L’automne dernier, le gouvernement Legault l’a maintenu dans ses fonctions, tout en y greffant un mandat économique de prospection d’investisseurs étrangers sensibles aux questions environnementales. Son titre, lui, n’a pas changé.

Le Plan pour une économie verte 2030, rendu public par le gouvernement lundi, étale sur 116 pages la stratégie privilégiée pour lutter contre les changements climatiques, mais ne réserve pas une seule ligne à la contribution de l’émissaire.

Seulement deux réunions

Bien connu pour ses expéditions très médiatisées à bord du voilier Sedna IV, M. Lemire doit diriger une équipe interministérielle, regroupant des représentants des ministères de l’Environnement, de l’Énergie et des Ressources, des Forêts, des Relations internationales et d’Investissement Québec.

Le comité ne s’est réuni qu’à deux reprises jusqu’à maintenant, la première fois en juin, la seconde en octobre, d’après les informations obtenues.

M. Lemire a refusé toute demande d’entrevue sur la nature de ses fonctions, prétextant que son mandat était toujours en révision.

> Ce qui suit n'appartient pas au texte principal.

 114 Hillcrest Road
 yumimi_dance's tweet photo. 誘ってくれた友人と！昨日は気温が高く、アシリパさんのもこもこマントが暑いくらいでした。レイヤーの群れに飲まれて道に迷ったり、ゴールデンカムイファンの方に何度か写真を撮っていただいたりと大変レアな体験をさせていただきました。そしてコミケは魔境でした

La ministre des Relations internationales, Nadine Girault, n’a pas voulu commenter non plus. Une porte-parole du ministère a indiqué mardi que « l’ajout à ses fonctions ne commande pas une révision de son mandat ».

Impossible donc de savoir comment ce militant écologiste arrime ses convictions environnementales avec son nouveau mandat de développement économique. Tout aussi impossible de savoir comment il conjugue avec son rôle de globe-trotter en temps de pandémie.

Sur le plan administratif, M. Lemire relève du ministère des Relations internationales, même si sa mission est davantage de nature environnementale et, plus récemment, économique.

Un demi-million

Le flou qui entoure son mandat se dissipe un peu quand on examine ses conditions de rémunération.

En trois ans, M. Lemire a empoché plus d’un demi-million de dollars sous forme de rémunération, selon les chiffres fournis par le ministère des Relations internationales et de la Francophonie (MRIF).

Preuve qu’il n’a pas chômé durant les deux premières années de son mandat, il a de plus réclamé pour plus de 100 000 $ de remboursement de dépenses.

En trois ans, M. Lemire a encaissé 516 329 $, sous forme de rémunération pour ses missions à l’étranger, soit environ 172 000 $ par an.

Toutes ces missions autour du monde ont entraîné des remboursements de dépenses à M. Lemire de l’ordre de 103 134 $, pour la période 2017-2019.

Pour la dernière année, on parle de remboursements plus modestes de 17 0308 $ reliés à ses quatre missions d’une durée totale d’environ 26 jours, incluant 5224 $ de repas et 1722 $ pour ses « petites dépenses ».

Malgré une demande d’accès à l’information, le MRIF a refusé de fournir les documents qu’il possède sur le nouveau mandat confié à l’émissaire, son statut exact et ses conditions de travail.

Le ministère n’a pas voulu davantage fournir d’évaluation du poste occupé par M. Lemire depuis trois ans, afin d’avoir une idée de la pertinence du rôle d’émissaire, une situation unique dans toute la fonction publique québécoise.

48 missions en 2 ans

Au cours des deux premières années dans son rôle d’émissaire, soit de septembre 2017 à septembre 2019, l’auteur de « L’odyssée des illusions » a été fort actif, effectuant au total 48 missions à l’étranger au nom du gouvernement du Québec, séjournant dans 14 pays et 19 villes. L’année suivante, marquée par la pandémie à compter du mois de mars, le rythme a beaucoup ralenti : il n’en a fait que quatre.

De 2017 à 2019, l’émissaire a parcouru le globe en participant à divers évènements reliés aux questions climatiques tenus à New York, Paris, Rome, Londres, San Francisco, Medford, Reykjavik, Heidelberg, Bonn, Bruxelles, Tromso, Trondheim, Delhi, Sharm-El Sheik, Dakar, Nairobi, Ranka, Katowice et Cambridge.

De 2019 à 2020, la tournée a été plus modeste avec seulement deux missions en Islande, une en Espagne et une autre en Italie. Aucune ne figure à son agenda depuis la fin février, pandémie oblige. Dans chaque cas, l’évènement portait uniquement sur les changements climatiques.